Microsoft Windows Security Auditing Best Practices
In today’s information age, IT security is a necessary issue to consider. Operating systems vendors have developed numerous built-in features to prevent, detect, and investigate security incidents that happened to their systems. Windows auditing policy is a part of this endeavor.
Windows auditing is Microsoft's mechanism for tracking events on its Windows environment, knowing who triggers such events, where and when is vital for network administrators, digital forensics examiners, and even for the local users to be aware of the different events taking place on their Windows devices . For example, when a user fails to sign in to Windows, the event of failed login is recorded in the event log along with the date/time and the user who triggered this event. There are scores of events that Windows records. In this article, we will focus on Windows security events and how to access and configure the Windows audit policy.
Audit Policy Categories
To display system audit policy settings, we should open the “Local Security Policy” console by going to Control Panel >> Administrative Tools >> Local security policy (see Figure 1).
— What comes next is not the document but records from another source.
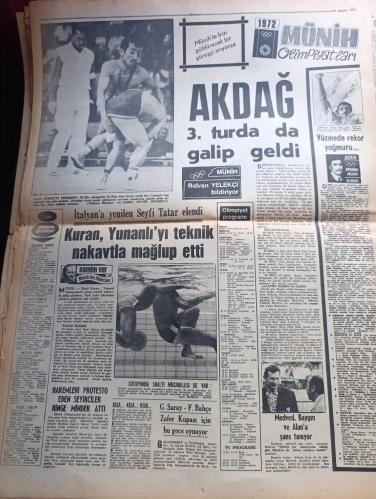 Hürriyet Zafer Bayramı 50. Yıl Gazetesi - Turkish Newspaper - 30 Ağustos 1972 - 30 Ağustos Zafer Bayramı Kutlu Olsun resim - Bugün sadece Dumlupınar zaferi'nin 50. Yıldönümü değil aynı zamanda genç ve son Türk devletinin kuruluşunun da 50. Yıldönümüdür - 26 ağustos'tan 30 ağustos'a milletçe böyle seferber olduk ve cephede böyle vuruştuk fotoğraf - rakamlarla Kurtuluş savaşı - Kurtuluş Savaşı'nda Türk Yunan kuvvetlerinin karşılaştırılması - Kurtuluş Savaşı'nın gizli örgütü Milli Müdafaa Grubu yazan Selahattin Salışık - evin kapısından adımını atmaya hazırlanan gölgenin beline bir tabanca gömüldü parola 333 resim - Mustafa Kemal Paşa'nın emri böyle Anadolu'ya silah ve insan kaçıracağız - İstanbul'un bütün kabadayıları topkapılı cambaz Mehmet'in emrinde milli müdafaa grubu olarak toplanmıştı - Yunan orduları başkomutanı Trikopis'in günlüğünden notlar - 30 ağustos'u gerçekleştiren Atatürk'ün kumandan ordusu Fotoğraflar - İstanbul basınında büyük taarruz - 30 Ağustos 1922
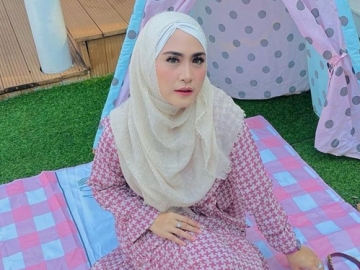 Bukan Karena Joget, April Jasmine Kembali Kena Nyinyir Hingga Disebut Kecentilan Gara-gara Ini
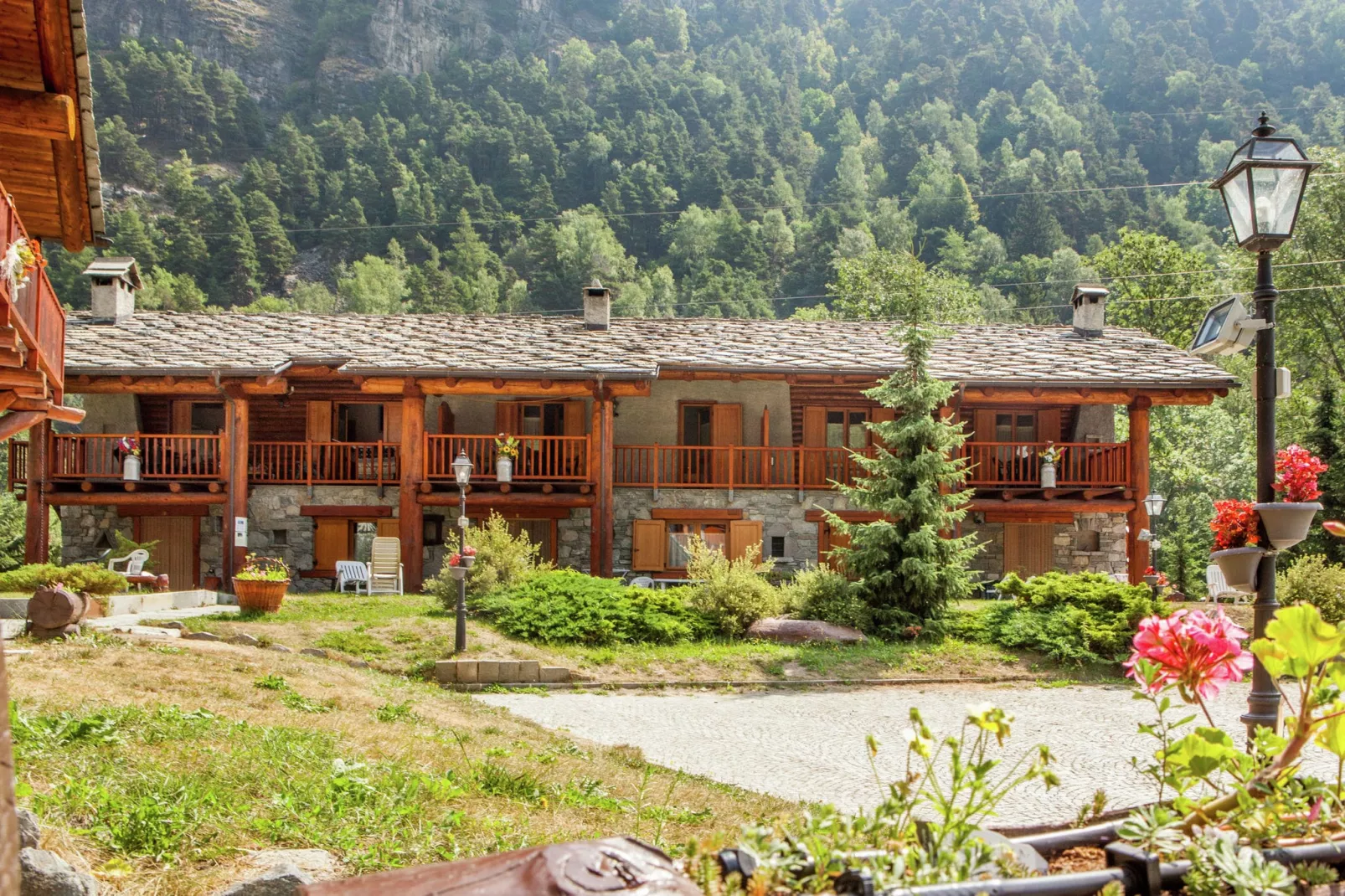 GrBe Trilo-Exterior summer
A Windows audit event will fall into one of the following nine audit policies:
- Audit account logon events: This security policy records each instance of a user logging on to or logging off from another computer where the current computer is used to validate the account. The event is logged on the domain controller when a domain user is authenticating against that domain controller; however, when a user is authenticating locally, it is stored in the computer’s Security Account Manager (SAM).
- Audit logon events: This security policy determines whether to record each instance of a user logging on to or log off from a computer. When a user has a domain account, this event is recorded on the domain controller, for local users, it is recorded on local devices. Please note this policy is different from the ‘Audit account logon events’ category. This setting is used to track the logging event to a specific server, not a domain controller.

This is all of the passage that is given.